The method by which a construction project is delivered often makes all the difference in its outcome. A project with a straightforward scope can be very successful completed via a design-bid-build delivery. But if you throw in substantial size, complexity, a fast-tracked schedule, and shifting variables, a collaborative delivery approach is crucial to achieving a project’s budget and schedule goals.
The PC Construction team is currently in the testing and commissioning phase of the $271 million bioenergy project at WSSC Water’s Piscataway facility in Accokeek, Maryland. This project incorporates cutting-edge technology that will transform the way WSSC handles biosolids at their five facilities in Prince George’s and Montgomery Counties in Maryland. This project includes the use of anaerobic digestion and Cambi’s thermal hydrolysis process to produce Class A biosolids, which will work together to maximize digester performance and increase methane gas production.

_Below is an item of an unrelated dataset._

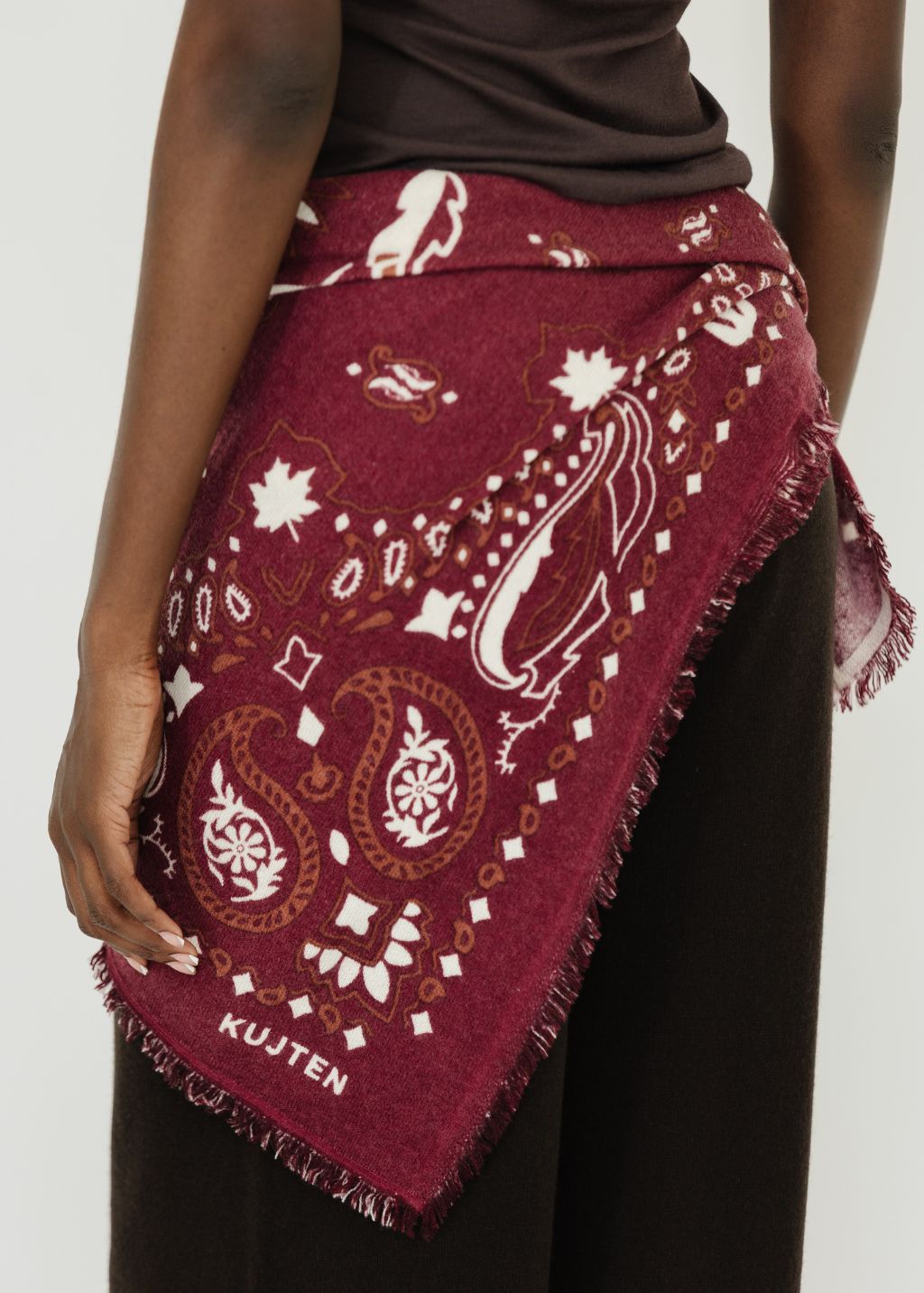 Kujten Feather Bico Bandana Red | Shop Tula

At the onset, WSSC Water selected progressive design-build because they knew that a collaborative, transparent design and construction process was absolutely necessary for their complex project. And that proved to be exactly the case, especially when the inevitable bumps in the road provided opportunities for improvement.
Our team of designers, led by Stantec, had worked through the major early design workshops and decision-making process to get the project documents to the issued for construction (IFC) stage. This design phase included major stakeholders from the ownership team who worked tirelessly to guide our team toward key decisions throughout the early stages of the project.

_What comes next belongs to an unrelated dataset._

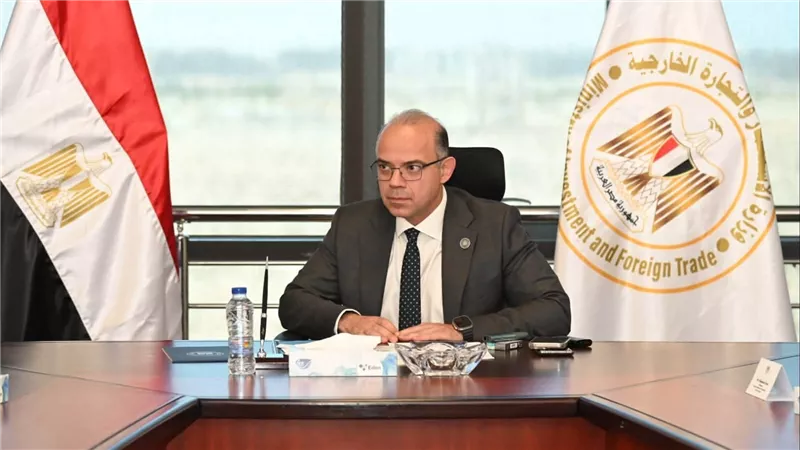 وزير الاستثمار يبحث مع شركتي «بروجر» و«دركسيل» الإيطاليتين تطورات مشروع الإيثانول الحيوي باستثمارات 278 مليون دولار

Like many large-scale municipal organizations, changes in personnel occur. Retirements, staffing shortages, and advancement opportunities see individuals come and go from a large wastewater treatment plant. This was just the case at Piscataway. Just as construction was beginning in June 2020, existing staff retired and several new plant operations team members were brought on board to operate the facility after the completion of construction.

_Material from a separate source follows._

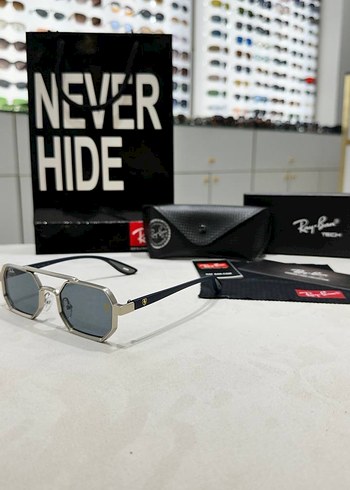 Ray Ban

The new staff had a number of concerns and ideas that our team continues to collaborate with WSSC and the operations team to address. One particular issue was how the plant would operate during Cambi’s annual maintenance and inspection period. The original decision to temporarily revert to a lime treatment system to stabilize the biosolids at Piscataway and to hold biosolids at the other facilities was questioned. While this concept is sound and would work, process improvement was the new goal.
The team was up to the challenge and Cambi had a potential solution. Cambi had just completed the testing of a new redundant module in their process train that, when coupled to the existing system, allowed uninterrupted utilization during annual maintenance and inspection. Approximately six months after the guaranteed maximim price (GMP) and with construction well underway, WSSC and HDR (owner advisor) tasked the progressive design-build team with investigating the feasibility of incorporating the redundant module into the project and to determine any potential cost or schedule impacts. We quickly identified impacts with several aspects of the proposed scope change, including materials that had already been released for fabrication.
Through a series of collaborative workshops with WSSC and HDR, and with significant input from Cambi, the team was able to develop a plan to move forward with the Cambi redundant module while avoiding schedule impacts and improving the long-term maintenance of the facility. This collaboration would not have been possible outside of the progressive design-build delivery method.